Es ist Sommer, zumindest kalendarisch. Wettertechnisch könnte man mitunter auch zu anderen Schlüssen kommen. Wie gut also, dass auch in unseren postdramatischen Zeiten das Theater immer noch von den alten Illusionen leben kann. Im Wedding zum Beispiel, genauer gesagt im Prime Time Theater. Da fährt die berühmte Theatersoap „Gutes Wedding, Schlechtes Wedding“ mit Ausgabe 99 nun in den Sommerferien raus aufs Land: Das junge Pärchen Jutta und Üwele reist also zu Bauer Siggi in die Uckermark. Aber weil wir natürlich im schrillen Comedy-Format sind, ist das alles andere als romantisch, kommen allerhand Lebenslügen auf den Tisch. Klischees und Wahrheit, Vorurteile und Vergnügen, derbe Komik und subtile Beobachtungsgabe machen die ziemlich einzigartige Mischung dieses Volkstheaterdauerbrenners mit seinen schrägen und völlig überzogen gespielten Charakteren aus. Alleinautorin Constanze Behrends wurde für die nun schon seit elf Jahren laufende Theater-Sitcom in diesem Jahr mit dem Jürgen Bansemer & Ute Nyssen Dramatikerpreis ausgezeichnet (Prime Time Theater: „Gutes Wedding Schlechtes Wedding – Honeymoon in Haßleben“, ab 26. 6., 20.15 Uhr).
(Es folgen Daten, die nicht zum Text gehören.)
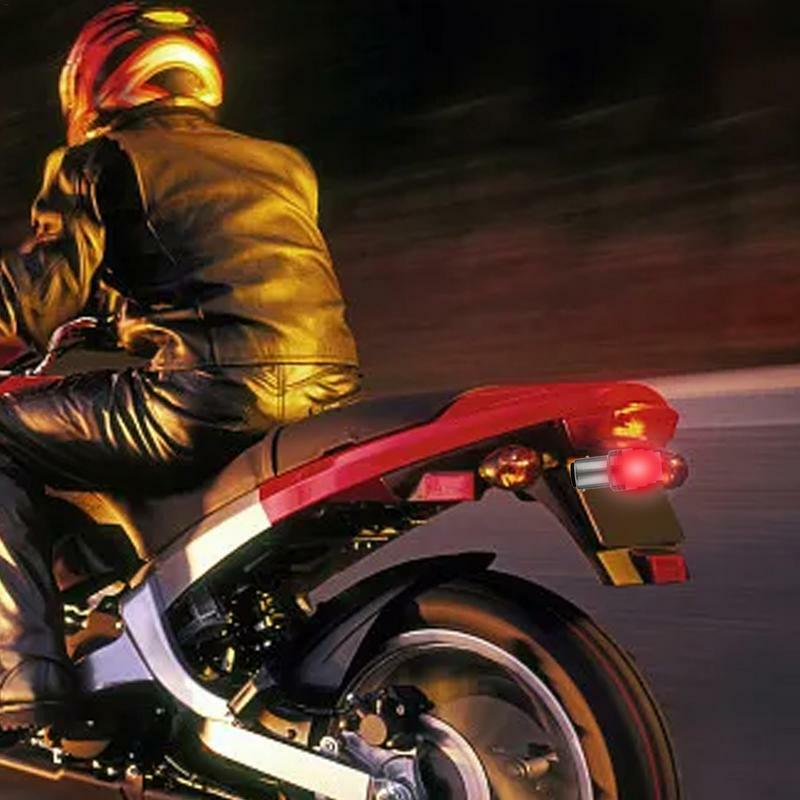 Motorcycle Brake Light Flashing Warning Tail Lights Strobe LED Taillights Replacement Super Bright Flash Brake Warning Light For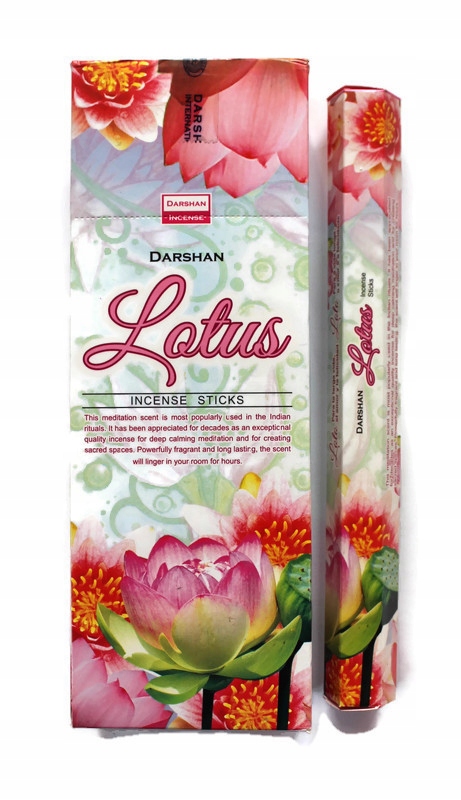 

Kadzidełka Darshan Lotus 20sztuk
Lebenslügen ganz anderer Art behandelt das neue Stück des 1982 geborenen Dramatikers Sascha Hargesheimer „Archiv der Erschöpfung“, das am 25. Juni im Rahmen der Autorentheatertage am Deutschen Theater wird. Es geht um eine Stadt und viele verlorene Hoffnungen, die Menschen an sie als Heimat knüpfen. Verhandelt werden Verrat und Tristesse, Verantwortung, Flucht und Heimkehr. Alles beginnt, wo es immer beginnt: am Esstisch einer Familie. Wie es endet – ja, das werden wir dann im Theater sehen. Es inszeniert die Regisseurin Friedericke Heller. Die Musik hat Peter Thiessen von der Hamburger Band „Kante“ komponiert – die schon zu vielen Arbeiten dieser Regisseurin die Musik machte (Deutsches Theater: „Archiv der Erschöpfung“, Premiere 25. 6., 20 Uhr).

Im Haus der Berliner Festspiele wird am 25. Juni außerdem das spartenübergreifende Performing Arts-Festival „Foreign Affairs“ eröffnet. Und zwar von der traditionsreichen Needcompany um Grace Ellen Barkey und Jan Lauwers. Mit dem Abend „The Time Between Two Mistakes“ wollen sie die Darstellende Kunst selbst reflektieren (Haus der Berliner Festspiele: „The Time Between Two Mistakes“, 25. 6,. 19.30 Uhr). Die Performer von Tim Etchells berühmter Truppe Forced Entertainment zeigen bei den „Foreign Affairs“ derweil als 36 Vierzig-Minuten-Ein-Mann-Performances Shakespeares gesammelte Werke (Haus der Berliner Festspiele: Forced Entertainment, 25. 6.–4. 7., jeweils ab 17 Uhr).